Trafimow David
Department of Psychology, MSC 3452, PO Box 30001, New Mexico State University, Las Cruces, NM 88003-8001, USA.
Genet Soc Gen Psychol Monogr. 2006 Aug;132(3):215-39. doi: 10.3200/mono.132.3.215-240.
An ever-increasing proportion of social psychology researchers use various versions of complex correlational models such as path analyses or structural equation models and others to draw causal conclusions from correlational data. Critics of complex correlational models have pointed out that (a) misspecification errors are the rule rather than the exception, (b) one cannot draw causal conclusions from a set of correlations, (c) most researchers fail to adjust their correlations for attenuation due to unreliability, and (d) the measures researchers use may actually be measures of outside variables that are correlated with other variables in one's model. Rather than rehash the debates that go along with these criticisms, the author makes some assumptions that are extremely favorable to the complex correlational modeler in that all of these criticisms are disallowed. Nevertheless, even with these assumptions, the author shows how spurious direct and indirect effects are likely to be created by moderately valid measures when researchers compute complex correlations. The author concludes that until social psychologists are better able to deal with the issue of the validity of their measures, they should not use complex correlational models.

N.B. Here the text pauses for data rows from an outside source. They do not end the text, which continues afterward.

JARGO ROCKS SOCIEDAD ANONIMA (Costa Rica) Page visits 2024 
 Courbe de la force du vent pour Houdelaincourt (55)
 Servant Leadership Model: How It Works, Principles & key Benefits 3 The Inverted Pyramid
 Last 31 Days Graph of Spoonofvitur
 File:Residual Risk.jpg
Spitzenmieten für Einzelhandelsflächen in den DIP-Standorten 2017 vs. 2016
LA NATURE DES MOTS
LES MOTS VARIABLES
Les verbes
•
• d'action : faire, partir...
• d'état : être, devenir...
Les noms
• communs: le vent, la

越来越多的社会心理学研究者使用各种复杂的相关模型,如路径分析或结构方程模型等的不同版本,以便从相关数据中得出因果结论。复杂相关模型的批评者指出:(a)错误设定误差是常态而非例外;(b)不能从一组相关性中得出因果结论;(c)大多数研究者没有针对因不可靠性导致的衰减对相关性进行调整;(d)研究者使用的测量方法实际上可能是与模型中其他变量相关的外部变量的测量。作者并未重复伴随这些批评而来的争论,而是做出了一些对复杂相关模型构建者极为有利的假设,即不允许所有这些批评存在。然而,即便有这些假设,作者仍展示了在研究者计算复杂相关性时,适度有效的测量方法如何可能产生虚假的直接和间接效应。作者得出结论,在社会心理学家能够更好地处理其测量方法的有效性问题之前,他们不应使用复杂相关模型。